* [Task to complete] Below is a set of entries. Reproduce exactly the lines from the one containing "Cartucce d'inchiostro 902XL" through the end, both included.

[Data — start]

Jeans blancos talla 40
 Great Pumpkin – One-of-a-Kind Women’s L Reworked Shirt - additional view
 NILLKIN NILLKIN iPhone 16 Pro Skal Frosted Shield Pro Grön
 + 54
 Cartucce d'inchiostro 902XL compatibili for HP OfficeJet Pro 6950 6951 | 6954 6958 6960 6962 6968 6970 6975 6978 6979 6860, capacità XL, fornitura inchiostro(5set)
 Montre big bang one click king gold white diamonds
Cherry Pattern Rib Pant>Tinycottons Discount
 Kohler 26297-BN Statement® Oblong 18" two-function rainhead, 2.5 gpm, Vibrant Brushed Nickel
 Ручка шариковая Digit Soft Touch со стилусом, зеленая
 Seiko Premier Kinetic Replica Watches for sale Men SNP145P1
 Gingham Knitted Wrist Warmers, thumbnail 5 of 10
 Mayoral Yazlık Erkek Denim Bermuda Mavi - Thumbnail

[Data — finish]

* [Response]
 Cartucce d'inchiostro 902XL compatibili for HP OfficeJet Pro 6950 6951 | 6954 6958 6960 6962 6968 6970 6975 6978 6979 6860, capacità XL, fornitura inchiostro(5set)
 Montre big bang one click king gold white diamonds
Cherry Pattern Rib Pant>Tinycottons Discount
 Kohler 26297-BN Statement® Oblong 18" two-function rainhead, 2.5 gpm, Vibrant Brushed Nickel
 Ручка шариковая Digit Soft Touch со стилусом, зеленая
 Seiko Premier Kinetic Replica Watches for sale Men SNP145P1
 Gingham Knitted Wrist Warmers, thumbnail 5 of 10
 Mayoral Yazlık Erkek Denim Bermuda Mavi - Thumbnail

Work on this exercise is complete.